Hardware from the 20th Century is more than enough for 99% of users
Hardware spec outpaced what 99.9% of computer users will ever need at the turn of the century. Just how much compute power do you need to run e-mail, a web-browser, a word-processor and spreadsheet? Okay, so you miss out on being able to spin the Compiz cylinder at 1200 RPM, but other than that, as far as just producing work-product goes, minimal boxes more than mow the grass.
If push came to shove, I could get by with a Pi 3B+ just fine (build times would suffer, but that's just extra coffee).
Don't get me wrong, I'm not against building beast like boxes. I raised 3 kids and have a bone-pile of about 3 of every other year's gotta have Nvidia cards. (yes the 390 and 470 drivers are now a pain to patch with each new kernel version -- but hey, it looks like we will get a free pass with 6.16, no patches seen yet!) And yes, the kids needed the power and graphics power to game with all graphics options turned on. For me, meh, I've got no need. Now that the kids are all grown and out of the house, the bone-pile has quit growing, but looking at the old RTX2070 supers and GTX980s, there is still enough pixel pumping power for anything I'll ever need.

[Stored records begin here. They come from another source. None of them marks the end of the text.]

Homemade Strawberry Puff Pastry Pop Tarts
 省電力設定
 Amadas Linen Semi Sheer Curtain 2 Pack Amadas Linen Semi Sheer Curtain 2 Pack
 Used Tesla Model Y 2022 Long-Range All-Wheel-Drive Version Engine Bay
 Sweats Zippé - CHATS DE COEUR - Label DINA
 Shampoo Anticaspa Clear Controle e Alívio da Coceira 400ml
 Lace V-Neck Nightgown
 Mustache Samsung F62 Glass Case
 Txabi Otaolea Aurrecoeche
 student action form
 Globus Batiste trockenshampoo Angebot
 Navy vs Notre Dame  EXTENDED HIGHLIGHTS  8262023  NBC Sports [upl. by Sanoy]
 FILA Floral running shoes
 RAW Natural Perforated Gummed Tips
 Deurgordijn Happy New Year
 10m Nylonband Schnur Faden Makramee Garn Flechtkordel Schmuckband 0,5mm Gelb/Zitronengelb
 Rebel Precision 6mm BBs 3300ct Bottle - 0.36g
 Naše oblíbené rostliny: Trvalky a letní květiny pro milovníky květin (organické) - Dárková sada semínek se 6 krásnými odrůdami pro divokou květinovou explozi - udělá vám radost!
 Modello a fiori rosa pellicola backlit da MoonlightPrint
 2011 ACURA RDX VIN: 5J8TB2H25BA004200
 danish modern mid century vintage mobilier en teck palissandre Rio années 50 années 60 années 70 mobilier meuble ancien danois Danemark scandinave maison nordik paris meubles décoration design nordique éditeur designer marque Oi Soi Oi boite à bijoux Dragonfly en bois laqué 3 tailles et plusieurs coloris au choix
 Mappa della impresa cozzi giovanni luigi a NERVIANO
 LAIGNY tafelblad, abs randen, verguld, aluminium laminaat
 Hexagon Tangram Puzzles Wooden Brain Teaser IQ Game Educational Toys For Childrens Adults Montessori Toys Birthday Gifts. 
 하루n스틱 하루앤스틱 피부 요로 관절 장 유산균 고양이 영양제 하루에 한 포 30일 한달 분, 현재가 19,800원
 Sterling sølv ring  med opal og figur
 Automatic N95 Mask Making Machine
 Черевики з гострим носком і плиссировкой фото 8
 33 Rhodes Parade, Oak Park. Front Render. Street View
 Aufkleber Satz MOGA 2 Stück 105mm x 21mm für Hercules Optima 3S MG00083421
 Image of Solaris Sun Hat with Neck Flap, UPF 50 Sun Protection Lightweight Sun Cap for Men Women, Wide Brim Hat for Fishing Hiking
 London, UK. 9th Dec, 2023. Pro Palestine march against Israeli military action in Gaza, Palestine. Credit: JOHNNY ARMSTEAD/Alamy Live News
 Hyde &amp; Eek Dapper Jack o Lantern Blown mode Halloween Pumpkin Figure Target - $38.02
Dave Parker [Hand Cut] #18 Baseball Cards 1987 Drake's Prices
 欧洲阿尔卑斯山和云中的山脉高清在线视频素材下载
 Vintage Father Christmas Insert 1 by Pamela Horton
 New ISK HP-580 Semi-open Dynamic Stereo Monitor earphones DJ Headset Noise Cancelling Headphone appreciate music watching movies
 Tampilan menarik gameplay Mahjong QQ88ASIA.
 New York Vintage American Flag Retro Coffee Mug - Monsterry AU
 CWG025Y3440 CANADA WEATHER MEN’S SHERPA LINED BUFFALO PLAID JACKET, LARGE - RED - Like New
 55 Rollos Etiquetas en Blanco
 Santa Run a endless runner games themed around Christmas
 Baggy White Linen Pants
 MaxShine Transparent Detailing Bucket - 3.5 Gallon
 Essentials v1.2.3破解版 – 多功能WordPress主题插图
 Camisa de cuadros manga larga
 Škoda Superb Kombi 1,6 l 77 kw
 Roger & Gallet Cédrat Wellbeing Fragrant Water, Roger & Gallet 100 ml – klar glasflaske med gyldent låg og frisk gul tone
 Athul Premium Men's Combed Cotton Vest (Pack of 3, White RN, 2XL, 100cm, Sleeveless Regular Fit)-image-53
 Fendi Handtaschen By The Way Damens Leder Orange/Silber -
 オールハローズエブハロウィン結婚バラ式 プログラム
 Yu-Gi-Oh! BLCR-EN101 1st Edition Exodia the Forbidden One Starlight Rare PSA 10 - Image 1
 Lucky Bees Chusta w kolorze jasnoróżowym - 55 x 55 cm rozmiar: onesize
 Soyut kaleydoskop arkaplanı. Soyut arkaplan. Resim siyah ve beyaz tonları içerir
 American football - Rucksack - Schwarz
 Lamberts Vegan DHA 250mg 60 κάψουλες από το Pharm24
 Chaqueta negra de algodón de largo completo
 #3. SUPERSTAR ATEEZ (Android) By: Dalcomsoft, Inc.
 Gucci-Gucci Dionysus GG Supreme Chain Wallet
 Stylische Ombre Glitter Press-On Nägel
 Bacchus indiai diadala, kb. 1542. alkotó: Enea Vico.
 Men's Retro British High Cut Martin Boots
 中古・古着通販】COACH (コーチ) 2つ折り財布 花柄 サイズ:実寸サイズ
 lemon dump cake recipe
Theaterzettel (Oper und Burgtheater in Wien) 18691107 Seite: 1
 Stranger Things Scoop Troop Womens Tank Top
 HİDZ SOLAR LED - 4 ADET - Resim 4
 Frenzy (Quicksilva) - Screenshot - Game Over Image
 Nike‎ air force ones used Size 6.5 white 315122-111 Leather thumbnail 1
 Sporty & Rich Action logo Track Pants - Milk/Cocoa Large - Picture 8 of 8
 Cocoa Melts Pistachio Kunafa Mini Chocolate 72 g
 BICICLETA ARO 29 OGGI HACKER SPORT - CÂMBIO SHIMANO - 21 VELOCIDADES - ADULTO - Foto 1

I'd a lot rather make use of older kit, adding a new SSD to replace spinning rust, and take the I/O benefit as that provides a bulk of what the latest and greatest promises as far as responsiveness. With RAM cheap, most old boxes now have 32G (and 64G if their chipsets support it). That's plenty enough to put even large builds on a tmpfs in RAM (e.g. PHP or MongoDB, etc..) which then complete quite quickly, and -- I avoid having to upgrade to a new 750-1000W modular PSU just to support the latest graphics cards.
I guess in sum, this is a testament to the advances made in computing capability over the past 40 years. From the 8080 with a few K of RAM and dual 8" floppy drives that wouldn't hold a single picture taken on your phone today, to Terabyte M.2 drives, processors with more cores than sense, RAM approaching the Terabyte scale and GPUs with more compute power than the system they are attached to. My Tumbleweed laptop powered by an ancient Gen 2 i7 sporting 8G still boots from off to full desktop in just under 12 seconds. Runs all Mozilla apps and libreoffice just fine (as does vscodium, etc..) and will finish most of the large builds I kick off within 30 minutes or so.
For decades I would spec-out the motherboard and chipset wanted, the socket and processor, buy the RAM and graphics card and PSU and put it all in one of Antec's solid cases (and most of those still run!). But today, if I need a box to jut prepare work product, I usually grab an off the shelf refurb HP that meets my needs and costs about $300 US. (many of those are still running too). The custom boxes and the kids custom gaming machines always cost more, but for shuffling documents and occasional builds, literally, just about anything made this century will do. Seems the King Penguin thinks somewhere along those lines too. Good for him. Taking a stand against wasted Watts contributing to global warming and using old kit as long as it meets the need to help prevent us all from drowning in e-waste (most of which is still operational...) That I can respect.